Tara smirked. “You don’t have to go, Susan.”
“Now, how do we convince the parental units to let us go up there?” Tony asked.
Tony chuckled, “Lie.” He shook his head when they all looked at him in shock. “Amateurs,” he continued. “Don’t tell them that’s where we’re going. We say we’re going to the usual spot down by the creek.”
“What if someone comes to check?”
“Has anyone ever come to check, Danny?”
“Well, no, but …”
“I think we should do it,” Tara’s confidence in her friends was returning. “But, maybe not right at the dump. Susan has a point about the rats. Besides, Mr. Gunderman will see a campfire from his trailer if we’re too close. He’s a nice guy and all, but he’d kick us out if he knew we were camping up there and report it back to our folks. Some of those piles of trash aren’t very stable.”
“You sure do know a lot about garbage, Fielding,” Susan snorted out a laugh.
God, I hate cheerleaders, Tara thought as she bit her tongue into silence. “Hey, Danny, don’t you have a cousin or something who’s into witchy things?”
He gave a nod. “Yeah, sorta. She’s got a Ouija board and stuff.”
“You think she’d let you borrow it? Might come in handy.”
He looked doubtful. “I can ask, but that means telling her what we’re up to.”
“Maybe she can help?”
“Come with us, you mean?”
Tara nodded, the wheels in her own head starting to turn. “Sure, if that’s okay with everyone else. Takes one to know one, right? And if she doesn’t want to go or let us borrow her board, you can at least ask her for some tips.”
“I guess,” Danny replied. “When we going to do all this?”
“I’m not doing any of it,” Susan crossed her arms in rebellion. “It’s gross and stupid.”
“Next Friday?” Tara offered.
Danny gave a nod. “Yeah, my folks go bowling on Friday.”
“What about me?” Adam had been listening to their conversation with greater and greater interest. “I can go, too, right?”

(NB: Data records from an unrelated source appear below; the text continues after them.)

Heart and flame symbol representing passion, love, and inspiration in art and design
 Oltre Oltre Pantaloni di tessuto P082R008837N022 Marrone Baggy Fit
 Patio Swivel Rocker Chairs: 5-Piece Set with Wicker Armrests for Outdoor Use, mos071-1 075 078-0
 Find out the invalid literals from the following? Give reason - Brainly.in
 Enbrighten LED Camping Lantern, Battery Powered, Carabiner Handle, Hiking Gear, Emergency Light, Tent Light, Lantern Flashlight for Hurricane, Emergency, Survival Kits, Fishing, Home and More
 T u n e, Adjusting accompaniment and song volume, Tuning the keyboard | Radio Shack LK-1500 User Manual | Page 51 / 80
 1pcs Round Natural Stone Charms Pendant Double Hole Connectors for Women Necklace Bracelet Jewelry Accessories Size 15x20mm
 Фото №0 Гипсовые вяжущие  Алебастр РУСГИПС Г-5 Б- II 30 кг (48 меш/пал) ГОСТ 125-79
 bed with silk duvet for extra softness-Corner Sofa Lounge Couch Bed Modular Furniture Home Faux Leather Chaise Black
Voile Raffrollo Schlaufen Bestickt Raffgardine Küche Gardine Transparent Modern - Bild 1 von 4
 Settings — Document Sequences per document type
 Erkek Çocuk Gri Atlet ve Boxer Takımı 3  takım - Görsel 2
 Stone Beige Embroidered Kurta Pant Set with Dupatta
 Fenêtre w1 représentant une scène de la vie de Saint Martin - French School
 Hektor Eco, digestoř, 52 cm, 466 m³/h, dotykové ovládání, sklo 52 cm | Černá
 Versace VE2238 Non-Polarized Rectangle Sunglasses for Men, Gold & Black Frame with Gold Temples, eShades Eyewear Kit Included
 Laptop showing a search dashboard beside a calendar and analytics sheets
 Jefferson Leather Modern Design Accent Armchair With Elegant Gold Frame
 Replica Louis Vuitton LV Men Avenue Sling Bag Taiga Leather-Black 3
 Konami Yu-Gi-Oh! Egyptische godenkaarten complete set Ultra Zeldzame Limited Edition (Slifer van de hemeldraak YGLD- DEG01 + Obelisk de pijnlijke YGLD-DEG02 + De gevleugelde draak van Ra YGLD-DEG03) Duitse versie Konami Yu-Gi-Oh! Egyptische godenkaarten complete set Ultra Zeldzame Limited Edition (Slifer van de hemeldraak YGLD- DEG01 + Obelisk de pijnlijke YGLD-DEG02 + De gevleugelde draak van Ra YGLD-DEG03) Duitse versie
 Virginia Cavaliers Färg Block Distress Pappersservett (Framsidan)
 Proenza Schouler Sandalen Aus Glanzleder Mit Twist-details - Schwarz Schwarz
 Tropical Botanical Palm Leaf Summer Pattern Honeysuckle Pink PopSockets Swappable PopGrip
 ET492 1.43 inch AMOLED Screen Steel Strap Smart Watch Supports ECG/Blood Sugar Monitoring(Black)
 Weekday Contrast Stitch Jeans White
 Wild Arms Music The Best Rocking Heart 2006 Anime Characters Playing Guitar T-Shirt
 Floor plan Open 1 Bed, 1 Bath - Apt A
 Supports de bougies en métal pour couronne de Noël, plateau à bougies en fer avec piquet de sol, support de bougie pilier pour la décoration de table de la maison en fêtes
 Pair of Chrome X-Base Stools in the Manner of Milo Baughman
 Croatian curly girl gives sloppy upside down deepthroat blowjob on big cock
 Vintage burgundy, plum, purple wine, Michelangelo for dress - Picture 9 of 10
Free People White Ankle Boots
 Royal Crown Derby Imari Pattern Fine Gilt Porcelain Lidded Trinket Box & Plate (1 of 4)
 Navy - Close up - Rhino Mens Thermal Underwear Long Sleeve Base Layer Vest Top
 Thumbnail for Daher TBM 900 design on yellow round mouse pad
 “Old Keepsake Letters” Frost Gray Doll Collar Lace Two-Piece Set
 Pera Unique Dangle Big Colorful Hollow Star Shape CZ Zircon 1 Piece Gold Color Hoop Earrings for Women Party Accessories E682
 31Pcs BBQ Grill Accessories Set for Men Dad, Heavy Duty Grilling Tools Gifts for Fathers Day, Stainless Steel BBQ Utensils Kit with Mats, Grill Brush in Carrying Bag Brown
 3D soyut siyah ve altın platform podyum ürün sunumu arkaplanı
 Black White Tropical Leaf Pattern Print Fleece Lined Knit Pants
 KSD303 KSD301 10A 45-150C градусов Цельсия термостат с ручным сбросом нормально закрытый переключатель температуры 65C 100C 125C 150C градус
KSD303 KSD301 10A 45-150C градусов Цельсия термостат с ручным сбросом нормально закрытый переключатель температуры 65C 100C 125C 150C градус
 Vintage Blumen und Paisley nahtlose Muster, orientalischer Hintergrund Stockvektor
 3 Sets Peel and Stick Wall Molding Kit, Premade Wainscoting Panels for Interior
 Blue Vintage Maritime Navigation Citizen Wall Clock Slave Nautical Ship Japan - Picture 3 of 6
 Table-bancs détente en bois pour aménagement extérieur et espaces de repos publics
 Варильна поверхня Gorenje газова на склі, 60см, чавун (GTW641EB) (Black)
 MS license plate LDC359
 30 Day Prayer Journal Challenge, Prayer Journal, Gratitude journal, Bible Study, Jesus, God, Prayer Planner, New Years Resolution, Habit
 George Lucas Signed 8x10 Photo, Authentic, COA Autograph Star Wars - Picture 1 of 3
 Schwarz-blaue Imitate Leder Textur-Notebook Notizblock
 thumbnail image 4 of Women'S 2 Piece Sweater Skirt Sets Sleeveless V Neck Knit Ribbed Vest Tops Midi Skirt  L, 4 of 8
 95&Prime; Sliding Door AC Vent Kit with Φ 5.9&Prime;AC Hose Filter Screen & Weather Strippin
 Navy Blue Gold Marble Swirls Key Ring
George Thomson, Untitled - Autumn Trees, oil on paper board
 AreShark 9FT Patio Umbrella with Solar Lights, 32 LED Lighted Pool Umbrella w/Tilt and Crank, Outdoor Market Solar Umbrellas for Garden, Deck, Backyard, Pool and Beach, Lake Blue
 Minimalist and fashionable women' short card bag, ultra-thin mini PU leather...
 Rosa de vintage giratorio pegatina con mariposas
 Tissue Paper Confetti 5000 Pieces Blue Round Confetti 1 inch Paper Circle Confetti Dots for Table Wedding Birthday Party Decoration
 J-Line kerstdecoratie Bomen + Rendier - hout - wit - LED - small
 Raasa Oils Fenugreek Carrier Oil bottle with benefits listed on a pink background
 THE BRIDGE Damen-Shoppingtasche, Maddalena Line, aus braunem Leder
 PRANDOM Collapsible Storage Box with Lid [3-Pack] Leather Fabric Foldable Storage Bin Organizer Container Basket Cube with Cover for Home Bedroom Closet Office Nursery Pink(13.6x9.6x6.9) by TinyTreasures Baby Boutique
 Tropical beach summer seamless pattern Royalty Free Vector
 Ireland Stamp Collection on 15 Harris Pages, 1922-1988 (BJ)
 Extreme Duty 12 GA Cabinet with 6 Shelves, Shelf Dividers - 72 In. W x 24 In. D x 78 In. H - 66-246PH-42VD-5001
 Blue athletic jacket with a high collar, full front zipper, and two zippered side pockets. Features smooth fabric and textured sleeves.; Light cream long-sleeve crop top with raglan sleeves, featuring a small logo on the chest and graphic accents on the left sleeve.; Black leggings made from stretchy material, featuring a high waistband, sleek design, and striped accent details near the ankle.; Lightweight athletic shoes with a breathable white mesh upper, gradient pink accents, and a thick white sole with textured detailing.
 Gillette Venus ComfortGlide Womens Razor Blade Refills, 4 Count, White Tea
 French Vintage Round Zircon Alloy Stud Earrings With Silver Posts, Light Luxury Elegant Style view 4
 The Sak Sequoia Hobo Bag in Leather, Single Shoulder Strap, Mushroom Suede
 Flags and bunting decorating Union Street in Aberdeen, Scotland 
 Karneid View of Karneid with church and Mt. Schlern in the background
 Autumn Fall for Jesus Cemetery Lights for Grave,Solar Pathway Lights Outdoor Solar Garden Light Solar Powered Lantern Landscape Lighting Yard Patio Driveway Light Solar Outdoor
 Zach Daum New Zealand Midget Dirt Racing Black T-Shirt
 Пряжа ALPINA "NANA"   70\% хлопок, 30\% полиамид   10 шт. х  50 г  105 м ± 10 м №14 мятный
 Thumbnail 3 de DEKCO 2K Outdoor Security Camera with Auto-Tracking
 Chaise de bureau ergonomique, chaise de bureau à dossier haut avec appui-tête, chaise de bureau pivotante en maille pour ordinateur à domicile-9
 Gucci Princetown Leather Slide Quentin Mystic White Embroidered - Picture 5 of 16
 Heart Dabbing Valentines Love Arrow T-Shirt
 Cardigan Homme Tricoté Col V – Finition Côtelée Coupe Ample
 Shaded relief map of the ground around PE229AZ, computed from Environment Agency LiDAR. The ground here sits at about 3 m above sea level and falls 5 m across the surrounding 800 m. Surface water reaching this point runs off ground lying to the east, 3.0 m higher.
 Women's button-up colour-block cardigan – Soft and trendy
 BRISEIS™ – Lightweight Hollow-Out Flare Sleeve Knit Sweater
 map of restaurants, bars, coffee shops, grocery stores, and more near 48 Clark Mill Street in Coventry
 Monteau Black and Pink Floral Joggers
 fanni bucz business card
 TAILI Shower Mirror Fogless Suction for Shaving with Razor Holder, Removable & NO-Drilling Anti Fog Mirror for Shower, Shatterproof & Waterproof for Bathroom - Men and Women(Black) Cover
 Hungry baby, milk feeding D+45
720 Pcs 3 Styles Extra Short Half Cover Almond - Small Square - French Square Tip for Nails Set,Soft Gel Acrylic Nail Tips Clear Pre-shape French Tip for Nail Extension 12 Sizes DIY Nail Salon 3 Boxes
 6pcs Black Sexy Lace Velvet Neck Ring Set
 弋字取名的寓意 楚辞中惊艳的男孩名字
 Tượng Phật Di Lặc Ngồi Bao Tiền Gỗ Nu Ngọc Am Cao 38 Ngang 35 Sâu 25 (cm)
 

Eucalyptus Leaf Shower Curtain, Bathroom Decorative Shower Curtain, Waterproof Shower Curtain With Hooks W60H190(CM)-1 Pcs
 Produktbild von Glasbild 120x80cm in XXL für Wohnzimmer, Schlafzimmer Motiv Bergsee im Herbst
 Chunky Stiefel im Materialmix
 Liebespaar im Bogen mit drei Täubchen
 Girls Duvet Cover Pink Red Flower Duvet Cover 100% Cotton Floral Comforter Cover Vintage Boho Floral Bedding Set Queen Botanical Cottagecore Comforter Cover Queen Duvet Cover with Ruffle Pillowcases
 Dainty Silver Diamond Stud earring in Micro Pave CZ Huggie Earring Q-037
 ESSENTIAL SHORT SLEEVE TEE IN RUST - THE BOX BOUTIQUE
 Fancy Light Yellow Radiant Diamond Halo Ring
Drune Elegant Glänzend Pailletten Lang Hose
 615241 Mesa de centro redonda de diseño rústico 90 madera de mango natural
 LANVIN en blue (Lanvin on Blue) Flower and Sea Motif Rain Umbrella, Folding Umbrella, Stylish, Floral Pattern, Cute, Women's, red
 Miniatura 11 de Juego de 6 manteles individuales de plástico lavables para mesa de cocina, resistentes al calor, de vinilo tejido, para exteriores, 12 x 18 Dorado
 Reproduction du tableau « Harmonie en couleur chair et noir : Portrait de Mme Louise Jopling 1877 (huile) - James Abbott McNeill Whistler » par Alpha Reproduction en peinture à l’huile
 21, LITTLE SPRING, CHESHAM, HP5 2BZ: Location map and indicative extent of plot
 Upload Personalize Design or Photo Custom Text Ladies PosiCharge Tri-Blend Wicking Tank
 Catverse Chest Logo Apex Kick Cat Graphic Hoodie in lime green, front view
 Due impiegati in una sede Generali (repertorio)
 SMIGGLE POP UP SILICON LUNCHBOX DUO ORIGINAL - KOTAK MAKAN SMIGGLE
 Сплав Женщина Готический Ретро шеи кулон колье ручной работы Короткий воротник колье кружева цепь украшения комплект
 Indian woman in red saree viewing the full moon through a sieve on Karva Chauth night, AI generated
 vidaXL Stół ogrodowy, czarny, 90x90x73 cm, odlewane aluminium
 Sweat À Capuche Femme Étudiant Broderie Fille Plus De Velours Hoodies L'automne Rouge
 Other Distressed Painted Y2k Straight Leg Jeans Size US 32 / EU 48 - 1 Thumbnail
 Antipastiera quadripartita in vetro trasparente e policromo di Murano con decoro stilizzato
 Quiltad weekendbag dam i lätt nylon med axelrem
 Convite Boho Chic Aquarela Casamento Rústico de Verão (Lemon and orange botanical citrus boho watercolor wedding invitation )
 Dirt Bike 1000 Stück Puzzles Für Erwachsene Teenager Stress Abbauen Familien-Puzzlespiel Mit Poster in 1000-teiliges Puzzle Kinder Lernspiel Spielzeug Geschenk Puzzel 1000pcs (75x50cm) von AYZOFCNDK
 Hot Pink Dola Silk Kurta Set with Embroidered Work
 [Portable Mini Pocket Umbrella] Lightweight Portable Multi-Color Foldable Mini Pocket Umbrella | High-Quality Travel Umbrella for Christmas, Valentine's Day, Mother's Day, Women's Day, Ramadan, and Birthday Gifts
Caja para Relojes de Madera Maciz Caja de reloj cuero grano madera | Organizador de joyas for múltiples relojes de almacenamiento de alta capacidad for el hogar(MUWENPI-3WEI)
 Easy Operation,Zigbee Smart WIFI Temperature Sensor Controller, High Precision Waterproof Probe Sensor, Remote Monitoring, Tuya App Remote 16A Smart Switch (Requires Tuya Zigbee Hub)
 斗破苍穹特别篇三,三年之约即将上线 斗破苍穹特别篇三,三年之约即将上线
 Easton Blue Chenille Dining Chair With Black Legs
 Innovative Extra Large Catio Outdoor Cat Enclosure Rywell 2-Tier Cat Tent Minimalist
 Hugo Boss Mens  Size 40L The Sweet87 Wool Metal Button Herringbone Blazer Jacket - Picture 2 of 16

Danny obviously didn’t want his little brother tagging along, but what choice was there? They couldn’t leave him alone until his parents got home from the bowling alley. Tara gave a shrug when Danny met her gaze. “I guess,” she said. “As long as you don’t chicken out and ruin everything.”
The youngest boy grinned. “I won’t.”
“You okay with that, Tony?” Danny asked.
Tara felt better. Even if they found nothing and even if what she had seen proved to be something completely normal and natural, and even if they were just patronizing her as an excuse to spend a night out in the woods, she was okay with that. This was going to be the camping trip they talked about for years to come.